Segment Start: Material shown

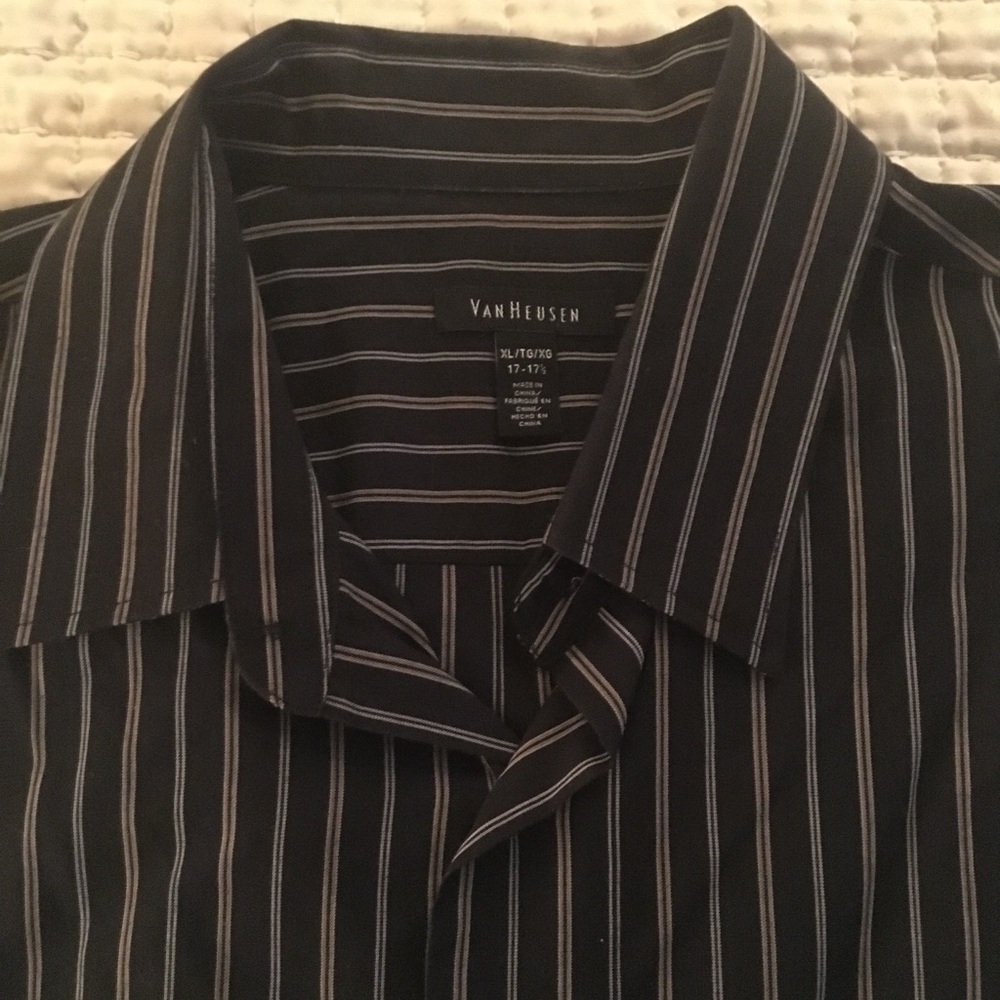 Van Heusen Casual Dress Shirt XXL 17-17-1/2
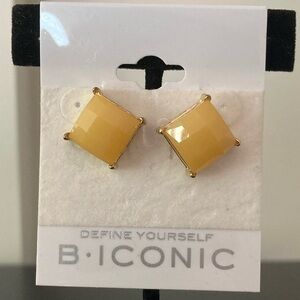 Yellow square earrings. B iconic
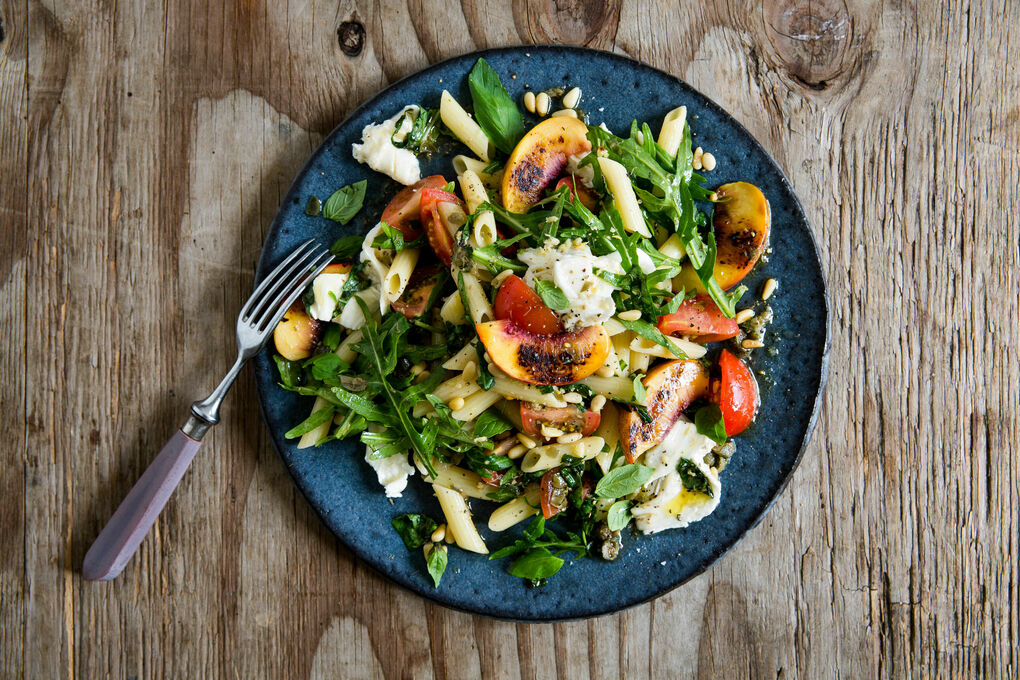 Vollkorn-Pastasalat mit Nektarine würzig-fein mit Mozzarella und Kapern
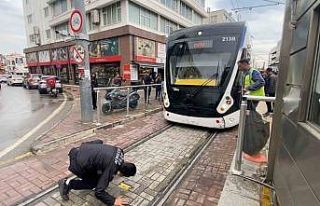 Tramvayın altına giren yavru kedi, yolcuları ve...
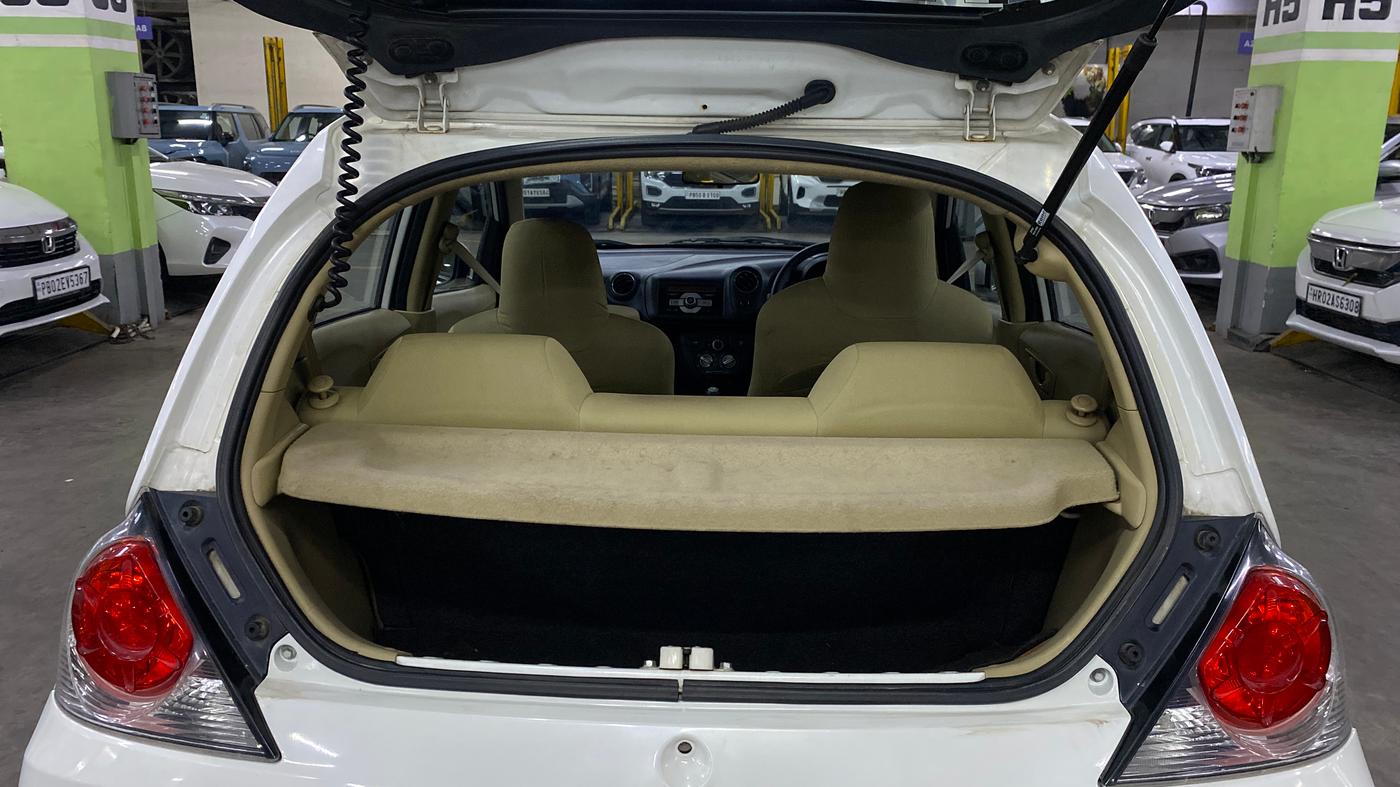 2015 Honda Brio S MT, Petrol, Manual, 56,459 km, Boot Inside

Segment End: Material shown

Pictures aside, set down the lines from the one containing "Yellow square earrings. B iconic" through the end of the records above, exactly and only those.

Expected answer
 Yellow square earrings. B iconic
 Vollkorn-Pastasalat mit Nektarine würzig-fein mit Mozzarella und Kapern
 Tramvayın altına giren yavru kedi, yolcuları ve...
 2015 Honda Brio S MT, Petrol, Manual, 56,459 km, Boot Inside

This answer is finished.